There are two scenarios that happened.Danieltwotwenty wrote:Just so there is no confusion for you Rick, I will put it into a scenario.
There are two couples one heterosexual (Sam and Samantha) and one homosexual (Sam and Sam), both go to buy a wedding cake with the exact same message on it "Sam & Sam". The cake maker makes the cake with the message for the heterosexual couple but does not for the homosexual couple. Obviously the message is the same in both instances, it is not offensive in anyway shape or form, so we must conclude that the message is not the reason for the discrimination, but instead that couples sexual orientation that is being discriminated against.
The first, is what Kurieuo mentioned in the OP. It's about an Irish baker who refused to bake a cake for a gay man. It wasn't a wedding cake. The man wanted a cake with Bert and Ernie, and a pro gay marriage message.

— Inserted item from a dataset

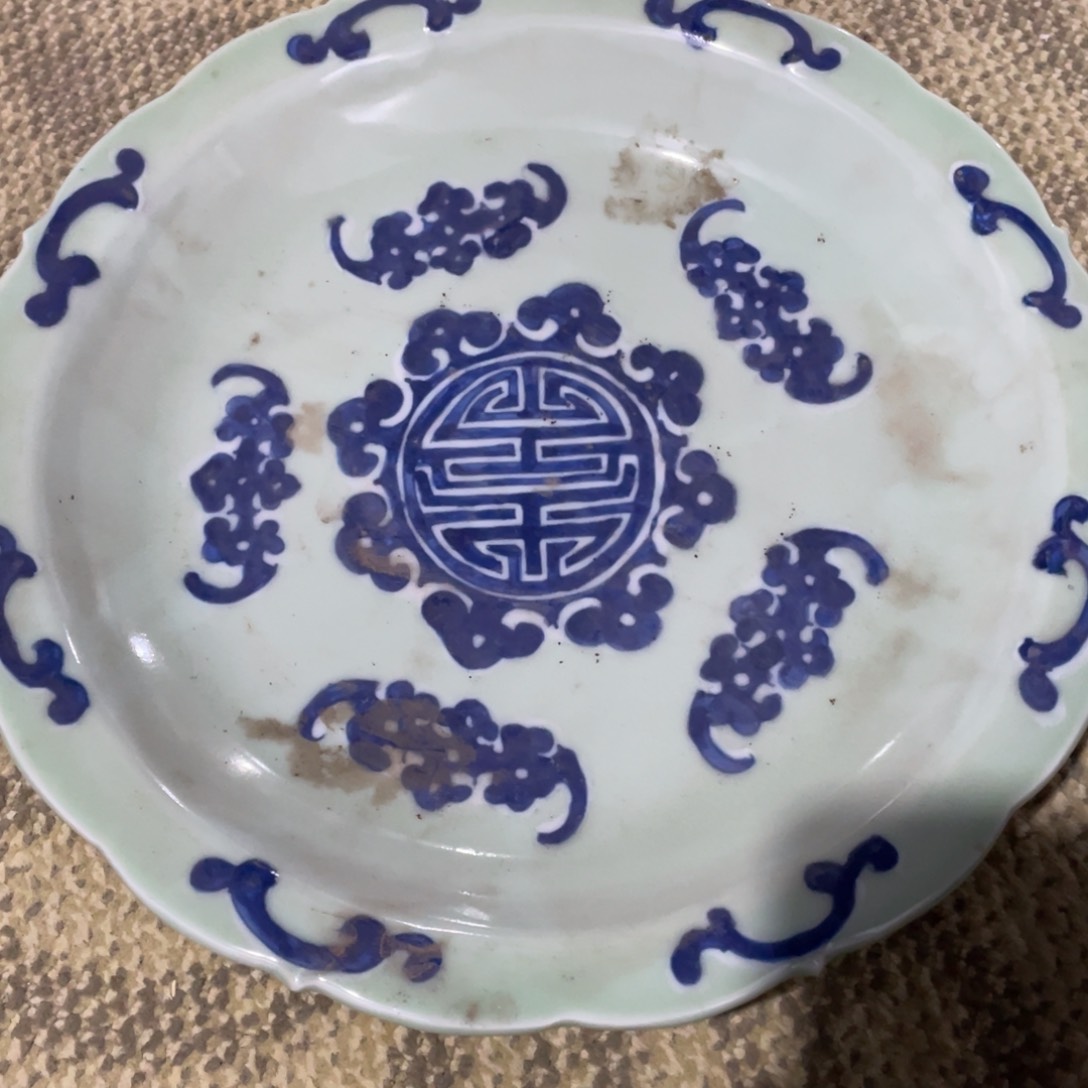 瓶一个寿字盘一个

The second, is a baker in Oregon who was fined around $135k, because they refused to make a "wedding" cake for a lesbian couple.

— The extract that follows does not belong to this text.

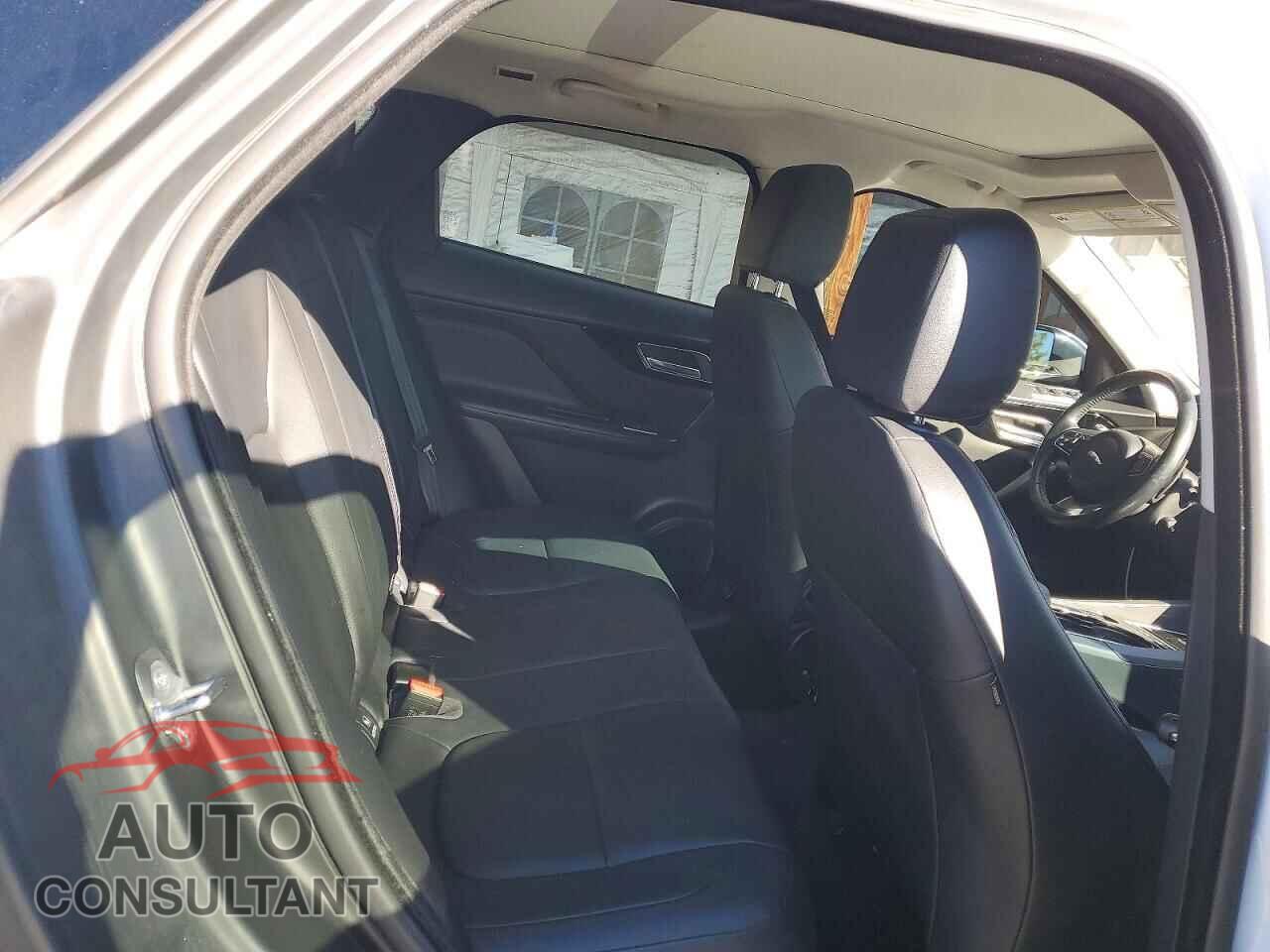 JAGUAR F-PACE 2017 - SADCJ2BN3HA089362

In the first instance, the man refused to bake the cake because of the message.
In the second, the bakers refused to bake the cake because they believed gay weddings go against their beliefs.

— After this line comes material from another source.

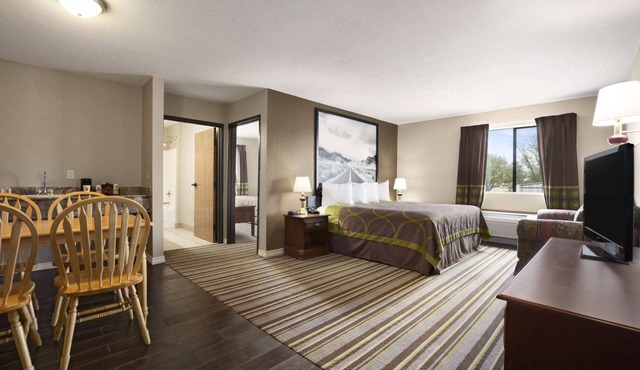 Super 8 by Wyndham Childress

Both are privately run businesses.
In both instances, I believe the business owners should be able to do business according to their beliefs/conscience, without government punishment.
Here's a link to the story about the Oregon bakers.
http://www.breitbart.com/big-government ... cake-case/
As you can see from the article, the bakers have no problem selling cakes to homosexuals. It's the message that the specific cake represented, that they had an issue with.
And since the bakers had no problem selling their products to homosexuals, we must logically conclude that it wasn't discrimination based on the sexual orientation of the customer, but based on the message.